====== TASK MATERIAL

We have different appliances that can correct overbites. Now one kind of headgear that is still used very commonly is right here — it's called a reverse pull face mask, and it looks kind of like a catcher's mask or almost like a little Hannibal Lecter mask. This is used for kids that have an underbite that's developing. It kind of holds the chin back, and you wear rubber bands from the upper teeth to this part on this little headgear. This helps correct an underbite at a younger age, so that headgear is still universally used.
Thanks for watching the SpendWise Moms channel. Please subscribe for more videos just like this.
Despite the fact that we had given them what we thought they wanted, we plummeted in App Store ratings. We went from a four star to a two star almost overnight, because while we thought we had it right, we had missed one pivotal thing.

============
====== TASK MATERIAL

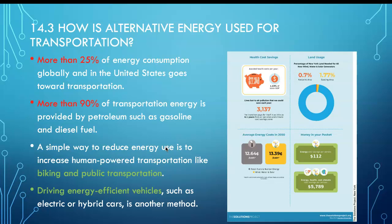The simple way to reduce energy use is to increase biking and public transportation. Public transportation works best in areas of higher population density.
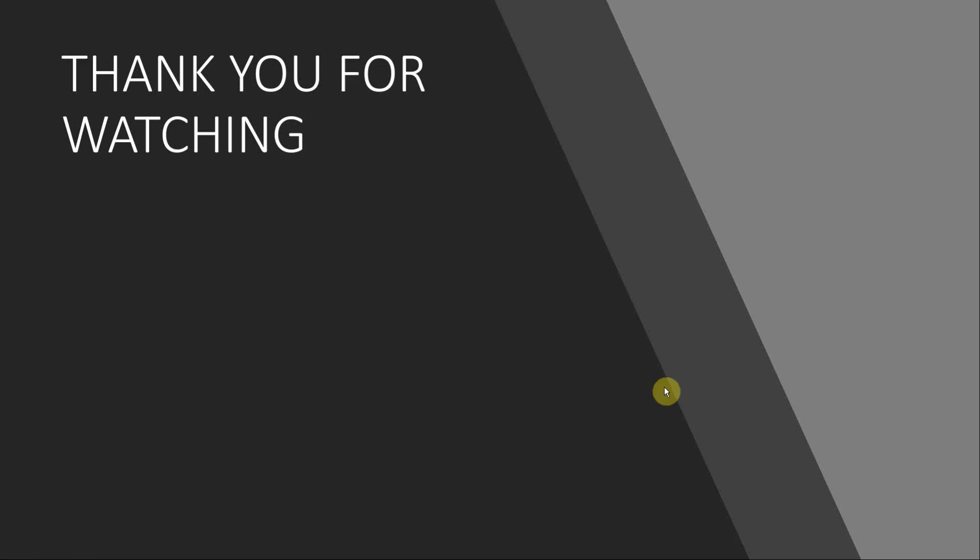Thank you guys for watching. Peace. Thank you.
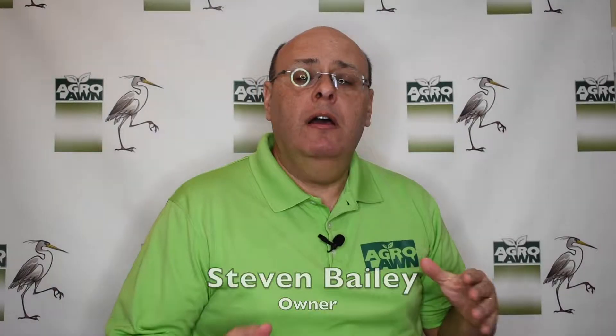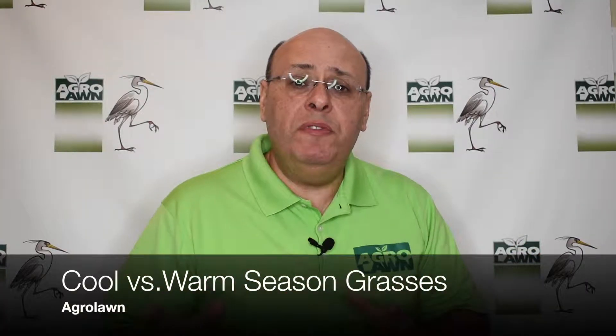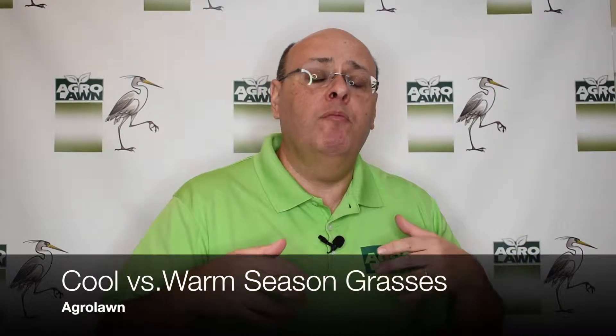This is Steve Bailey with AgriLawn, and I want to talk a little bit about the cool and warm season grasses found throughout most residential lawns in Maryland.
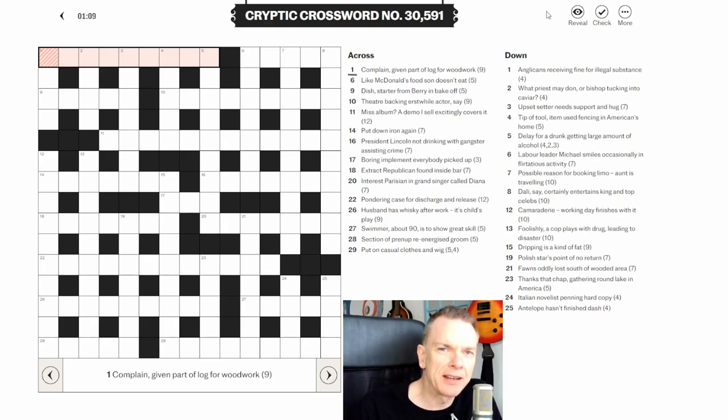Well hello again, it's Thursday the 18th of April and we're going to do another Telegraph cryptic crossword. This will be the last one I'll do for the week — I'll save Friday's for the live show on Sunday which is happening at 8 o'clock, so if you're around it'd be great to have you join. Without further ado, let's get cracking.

============
====== TASK MATERIAL

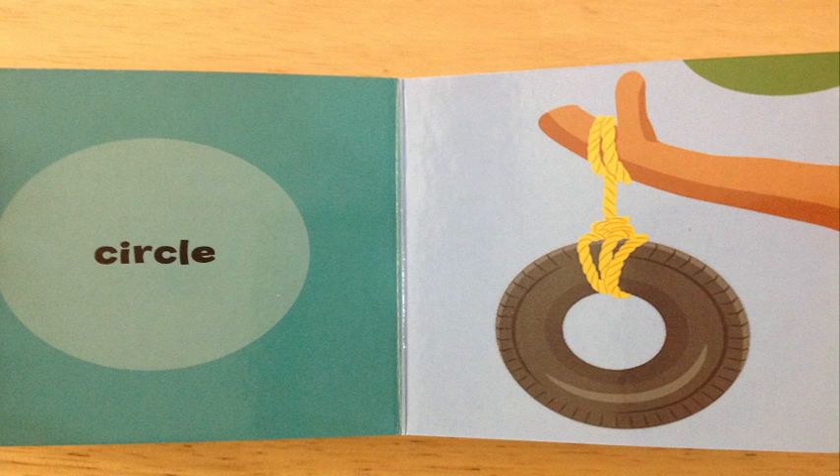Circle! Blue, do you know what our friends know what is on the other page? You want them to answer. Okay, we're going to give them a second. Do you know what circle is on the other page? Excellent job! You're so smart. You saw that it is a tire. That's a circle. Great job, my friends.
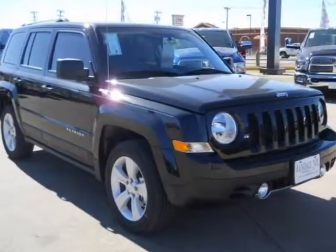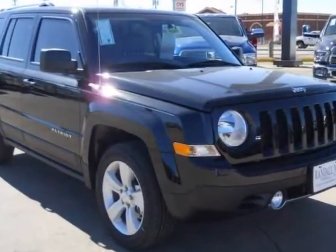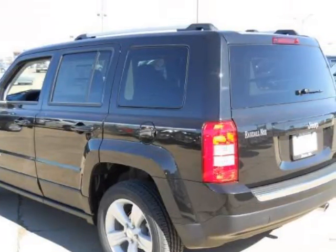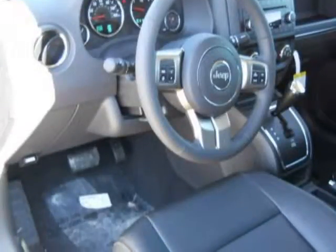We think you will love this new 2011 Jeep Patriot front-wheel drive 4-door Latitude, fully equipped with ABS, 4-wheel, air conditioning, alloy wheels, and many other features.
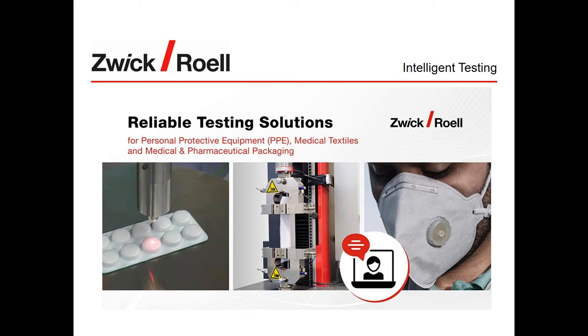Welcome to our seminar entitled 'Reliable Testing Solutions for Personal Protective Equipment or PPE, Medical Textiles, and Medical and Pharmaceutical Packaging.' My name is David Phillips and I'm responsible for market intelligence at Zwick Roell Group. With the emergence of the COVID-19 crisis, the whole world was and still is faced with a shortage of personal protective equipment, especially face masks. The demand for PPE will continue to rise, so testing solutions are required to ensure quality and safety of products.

============

- _THE PROBLEM_: Copy exactly the lines of the listing above between the one holding "This is Steve" and the one holding "Well hello again, it's", inclusive; omit all pictures.

- _FINISHED EXERCISE_:
This is Steve Bailey with AgriLawn, and I want to talk a little bit about the cool and warm season grasses found throughout most residential lawns in Maryland.
Well hello again, it's Thursday the 18th of April and we're going to do another Telegraph cryptic crossword. This will be the last one I'll do for the week — I'll save Friday's for the live show on Sunday which is happening at 8 o'clock, so if you're around it'd be great to have you join. Without further ado, let's get cracking.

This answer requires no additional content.